• [Task data]:
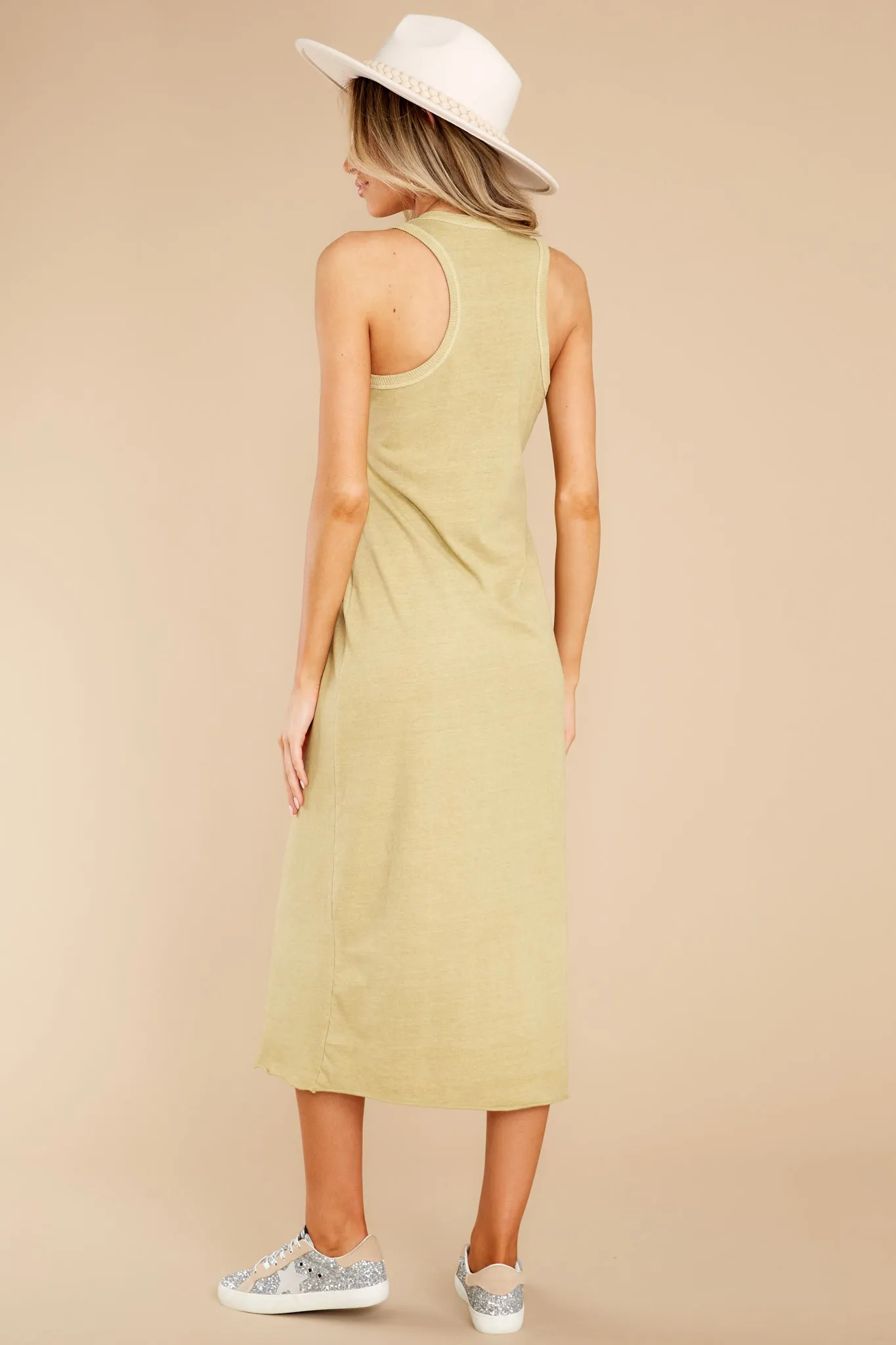 Natural Comfort Light Sage Green Midi Dress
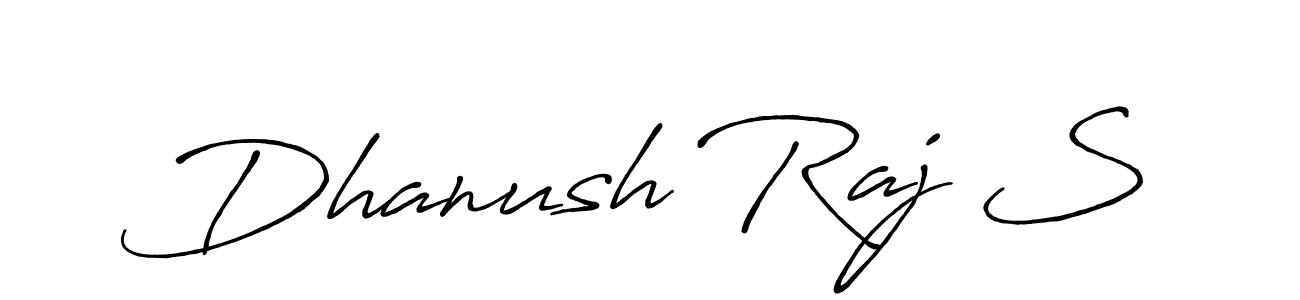 Create a beautiful signature design for name Dhanush Raj S. With this signature (Antro_Vectra_Bolder) fonts, you can make a handwritten signature for free. Dhanush Raj S signature style 7 images and pictures png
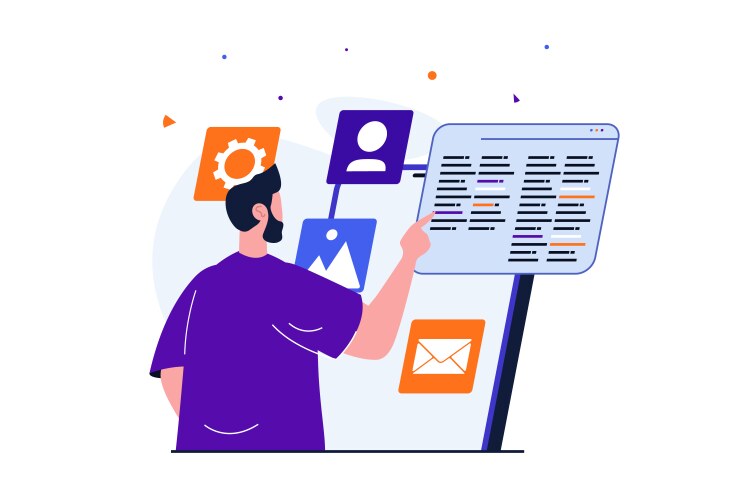 App Development Concept - Developer Coding vektorbild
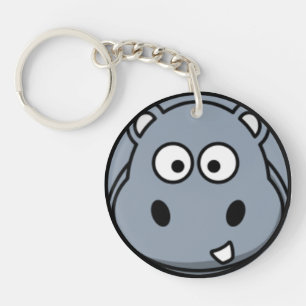 Hippo Face Key Ring
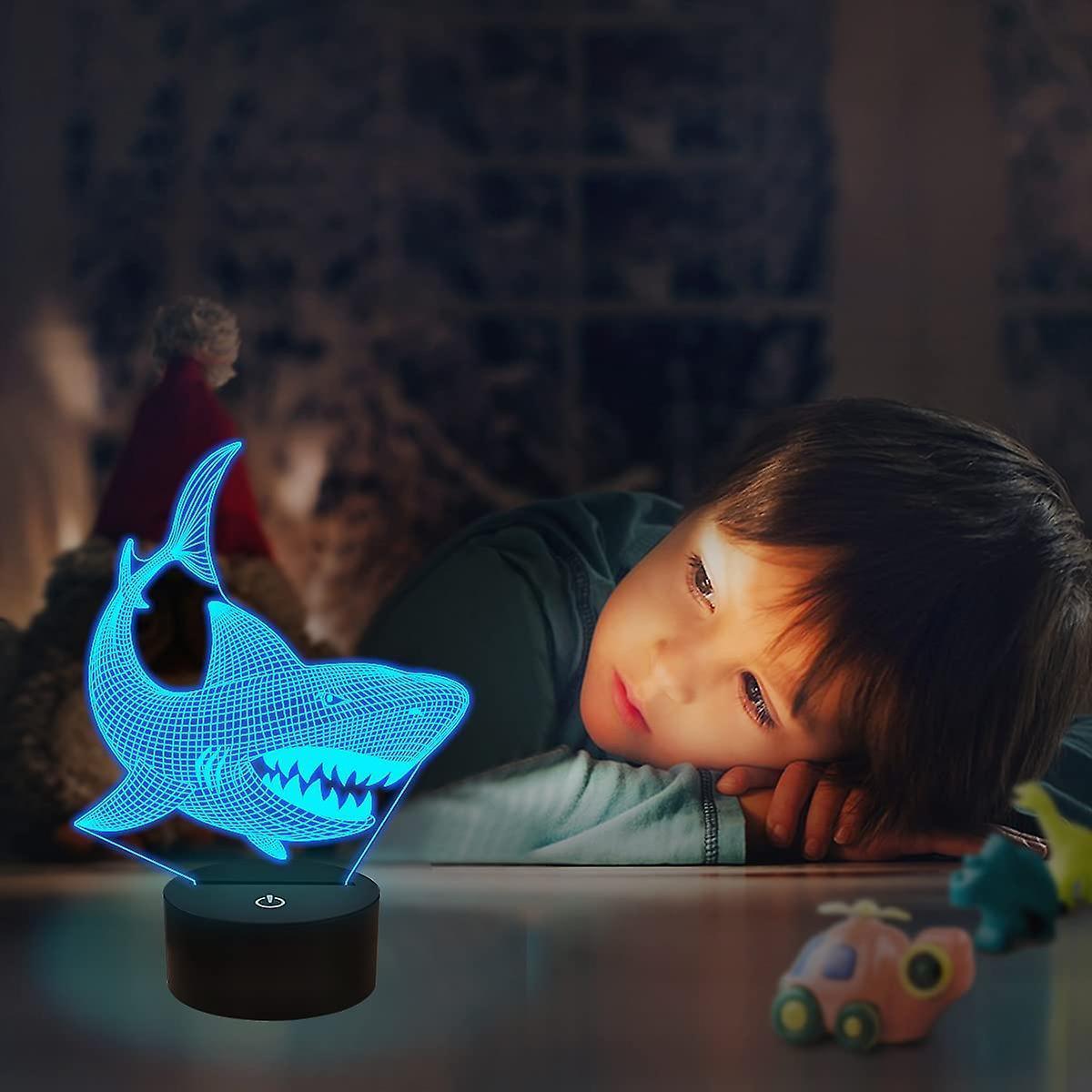 Shark 3D Illusion Night Light Animal Touch Table Desk Lamp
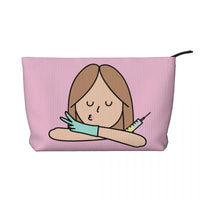 Custom Cartoon Doctor Nurse Enfermera En Apuros Toiletry Bag Women Cosmetic Makeup Organizer Lady Beauty Storage Dopp Kit Box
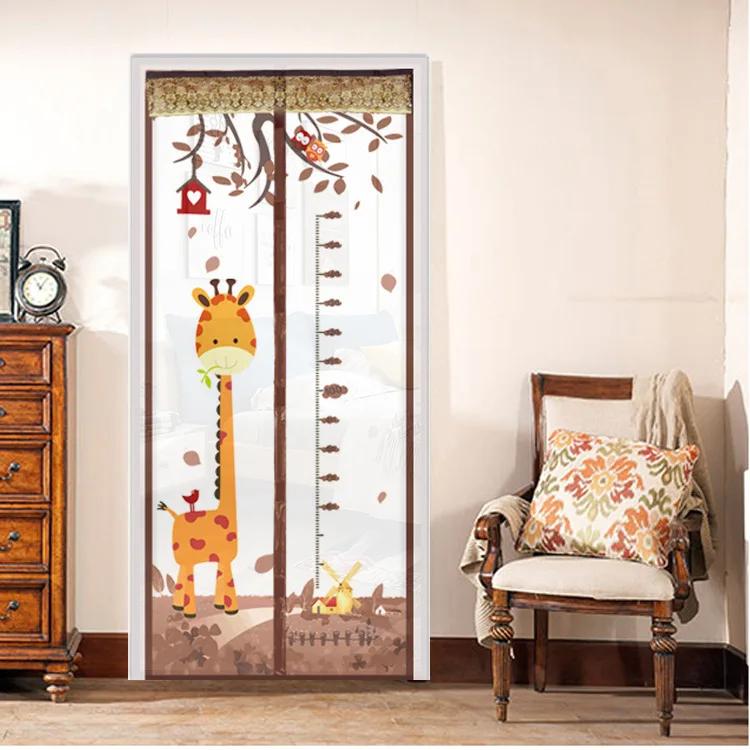 XinLan Premium Quality Magic Sliding Mesh Door Screen Auto Close Print Magnetic Screen Door Curtain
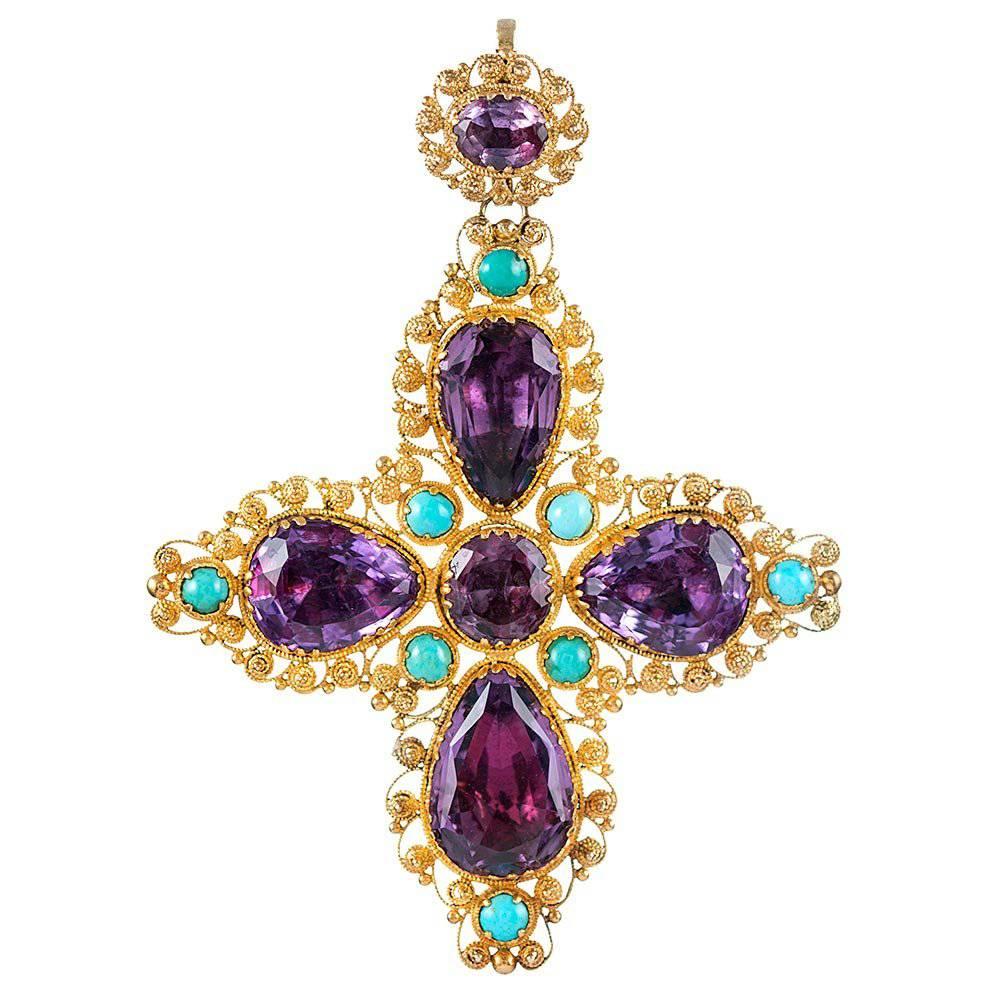 Victorian Cannetille Turquoise and Amethyst Cross Pendant
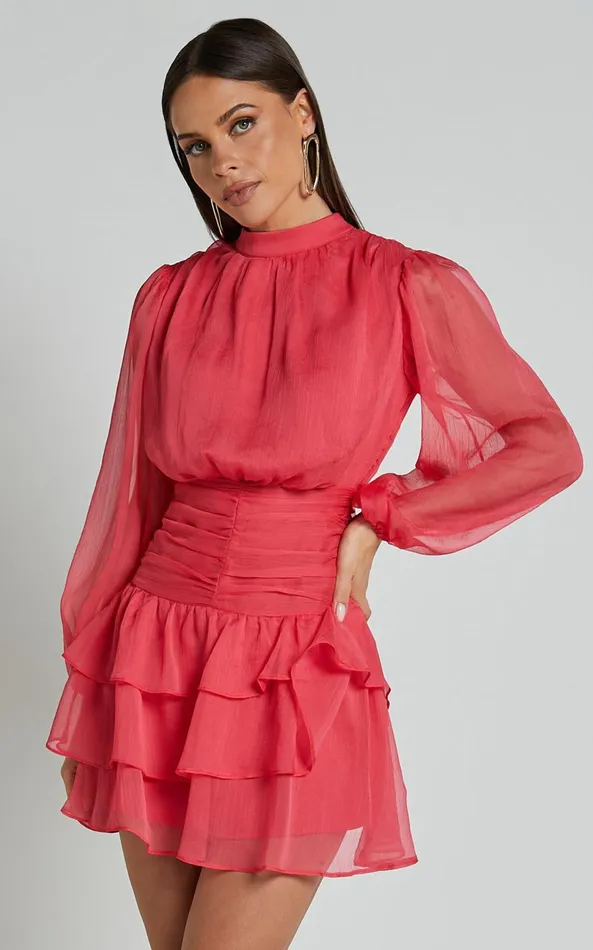 Showpo Charlize Mini Dress 8211 High Neck Long Sleeve Layered Dress In Coral Women Dresses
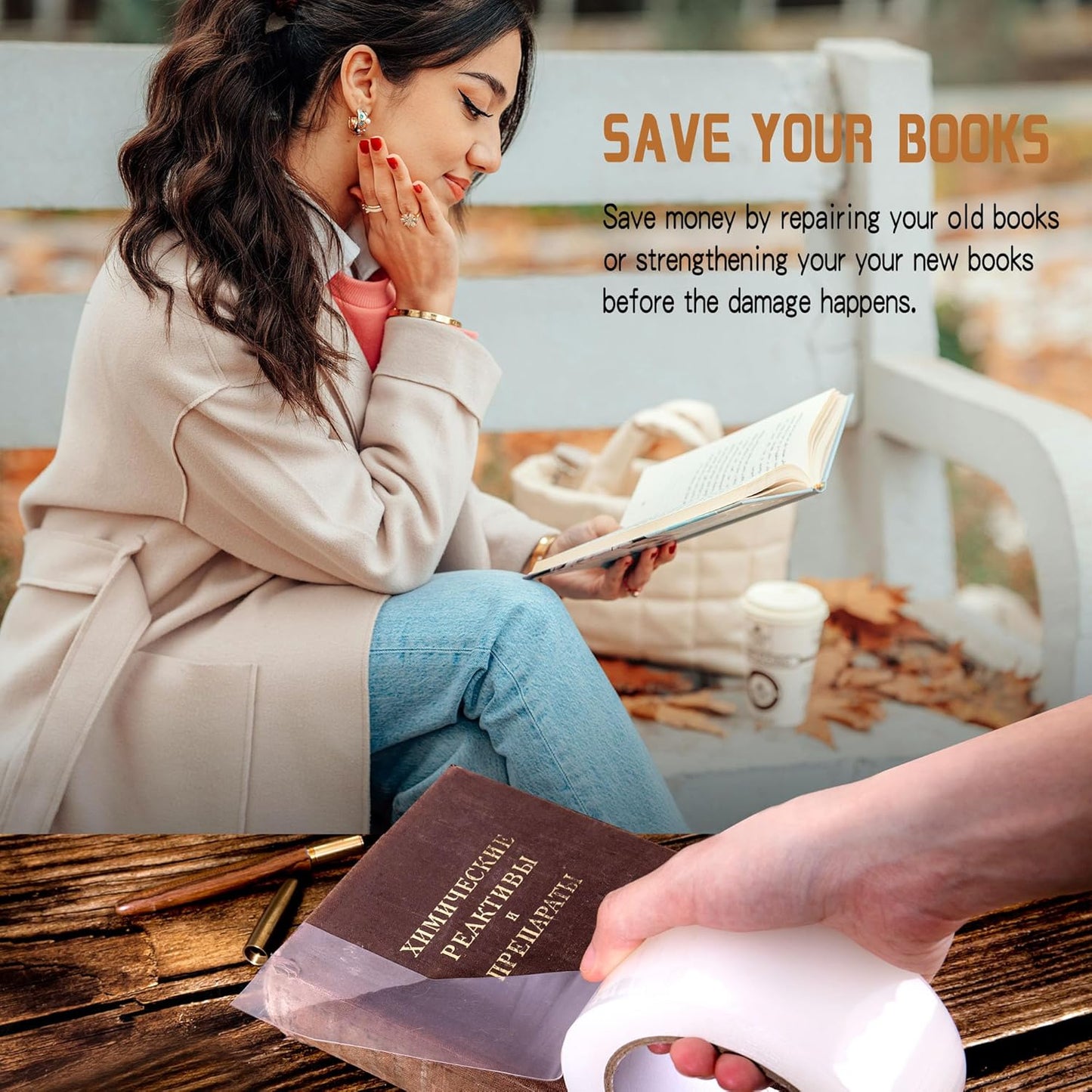 Clear Book Repair Tape - Self Adhesive Stretchable Book Tape, Essential Clear Repair Tape for Reinforcing Protecting, and Covering Mending Books Old Books - 1 Inch Wide x 108 FT Long
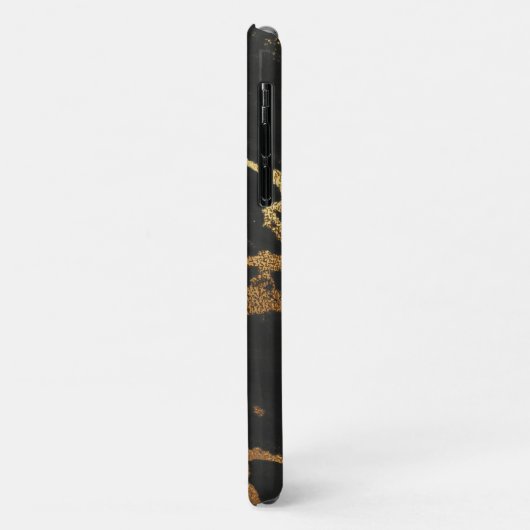 Coques Case-Mate iPhone Marbre doré noir avec fleur de lis (Dos/Gauche)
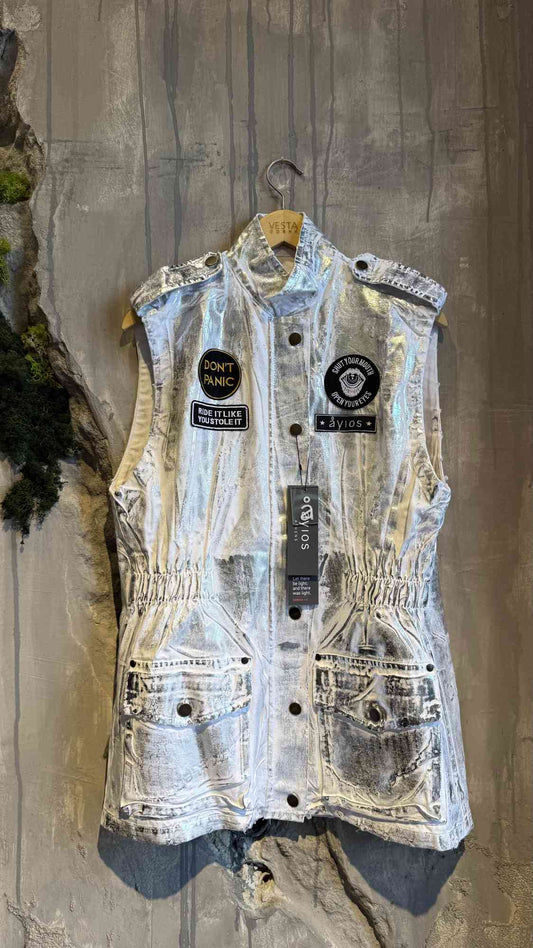 SYLVA SLEEVELESS JACKET WHITE FOIL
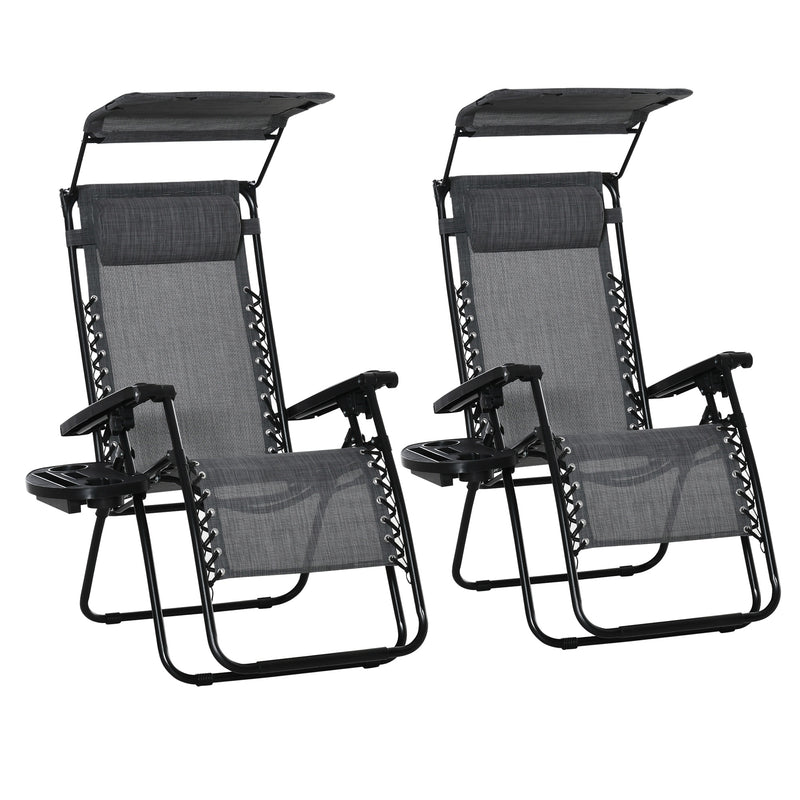 Light Grey Reclining Zero Gravity Garden Chairs With Headrest Canopy And Cup Holder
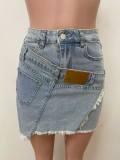 Sexy Denim Irregular Mini Skirts LSD-2769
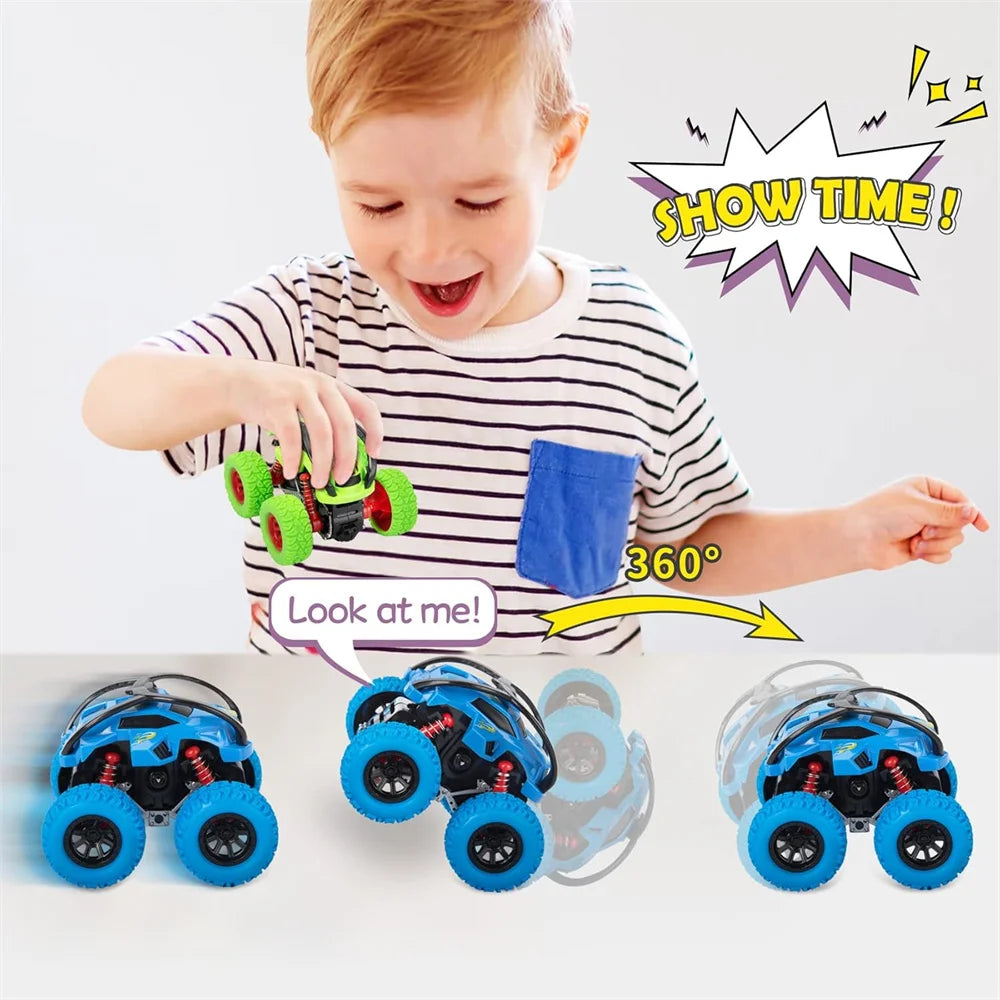 Monster Trucks Toys for Boys - Toddler Push & Go Stunt Cars with Flip Action, Race Car Set for Kids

• [Your instructions]: Pictures do not belong in the copy; repeat the rest of the listing exactly.

• [Task result]:
 Natural Comfort Light Sage Green Midi Dress
 Create a beautiful signature design for name Dhanush Raj S. With this signature (Antro_Vectra_Bolder) fonts, you can make a handwritten signature for free. Dhanush Raj S signature style 7 images and pictures png
 App Development Concept - Developer Coding vektorbild
 Hippo Face Key Ring
 Shark 3D Illusion Night Light Animal Touch Table Desk Lamp
 Custom Cartoon Doctor Nurse Enfermera En Apuros Toiletry Bag Women Cosmetic Makeup Organizer Lady Beauty Storage Dopp Kit Box
 XinLan Premium Quality Magic Sliding Mesh Door Screen Auto Close Print Magnetic Screen Door Curtain
 Victorian Cannetille Turquoise and Amethyst Cross Pendant
 Showpo Charlize Mini Dress 8211 High Neck Long Sleeve Layered Dress In Coral Women Dresses
 Clear Book Repair Tape - Self Adhesive Stretchable Book Tape, Essential Clear Repair Tape for Reinforcing Protecting, and Covering Mending Books Old Books - 1 Inch Wide x 108 FT Long
 Coques Case-Mate iPhone Marbre doré noir avec fleur de lis (Dos/Gauche)
 SYLVA SLEEVELESS JACKET WHITE FOIL
 Light Grey Reclining Zero Gravity Garden Chairs With Headrest Canopy And Cup Holder
 Sexy Denim Irregular Mini Skirts LSD-2769
 Monster Trucks Toys for Boys - Toddler Push & Go Stunt Cars with Flip Action, Race Car Set for Kids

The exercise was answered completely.